◆ What the task asks:
Within the records below, repeat each line exactly but keep every picture out of the copy.

(Web page caption snippets)
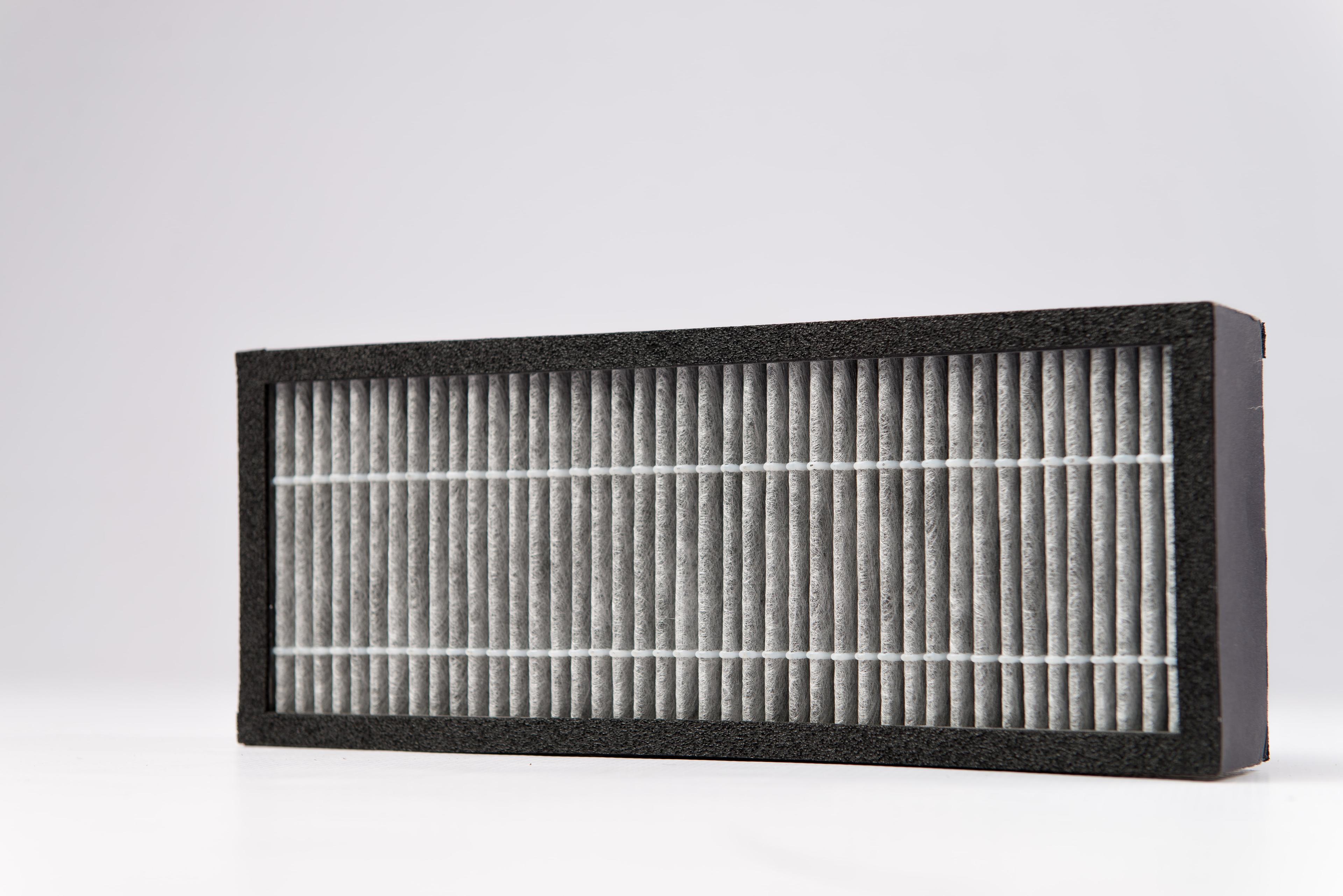 Фильтр AirNanny HEPA H13 BabyCare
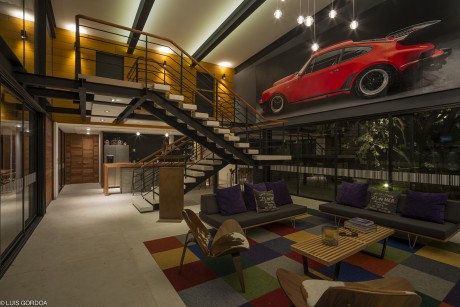ALD House by Space - 6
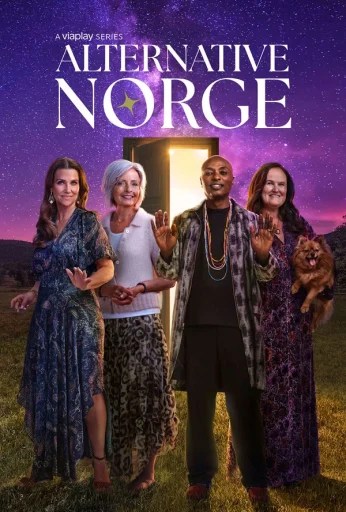 Alternative Norge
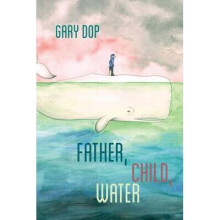 Father, Child, Water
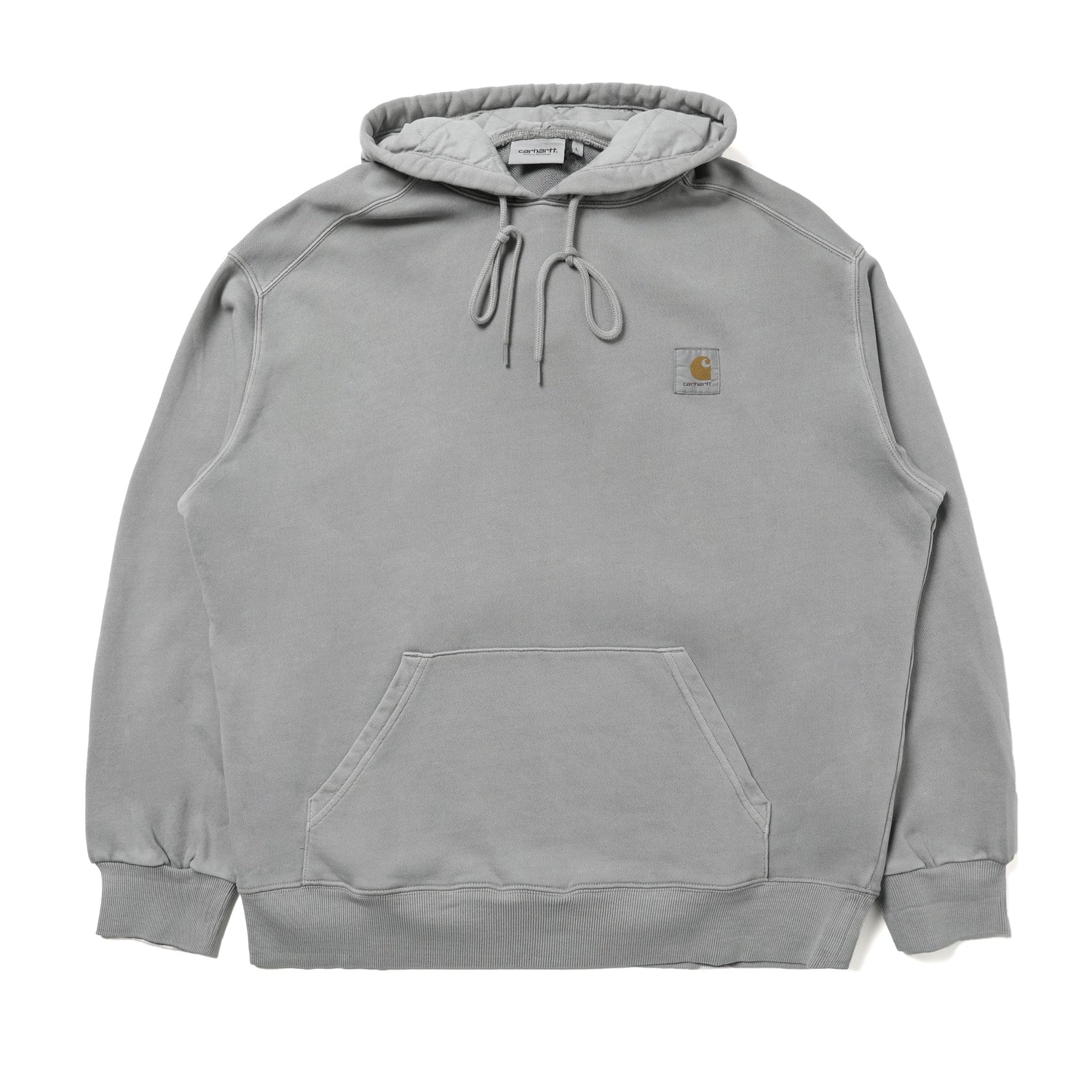Carhartt WIP Hooded Nelson Sweatshirt Yosemite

◆ Answer to the problem:
 Фильтр AirNanny HEPA H13 BabyCare
ALD House by Space - 6
 Alternative Norge
 Father, Child, Water
Carhartt WIP Hooded Nelson Sweatshirt Yosemite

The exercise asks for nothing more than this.